(Provided records):
* * * * * * * * *

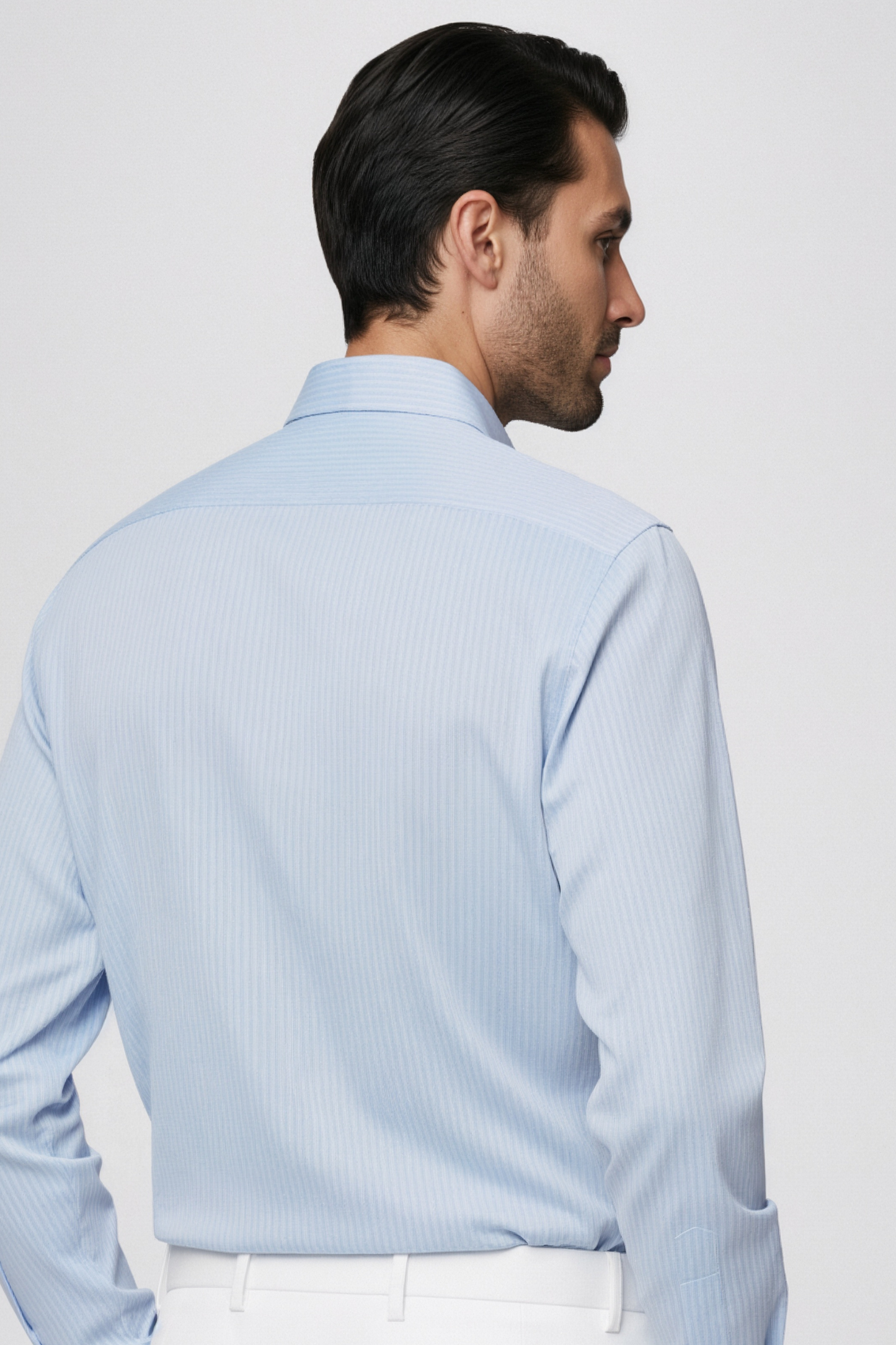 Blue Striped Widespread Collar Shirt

* * * * * * * * *

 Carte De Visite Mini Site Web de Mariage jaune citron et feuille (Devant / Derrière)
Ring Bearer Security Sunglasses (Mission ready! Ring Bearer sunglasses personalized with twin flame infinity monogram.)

* * * * * * * * *

Everything from the line with "Carte De Visite" through the line with "Ring Bearer Security" should be written out exactly as it appears above, end lines included, and nothing outside that range.

 Carte De Visite Mini Site Web de Mariage jaune citron et feuille (Devant / Derrière)
Ring Bearer Security Sunglasses (Mission ready! Ring Bearer sunglasses personalized with twin flame infinity monogram.)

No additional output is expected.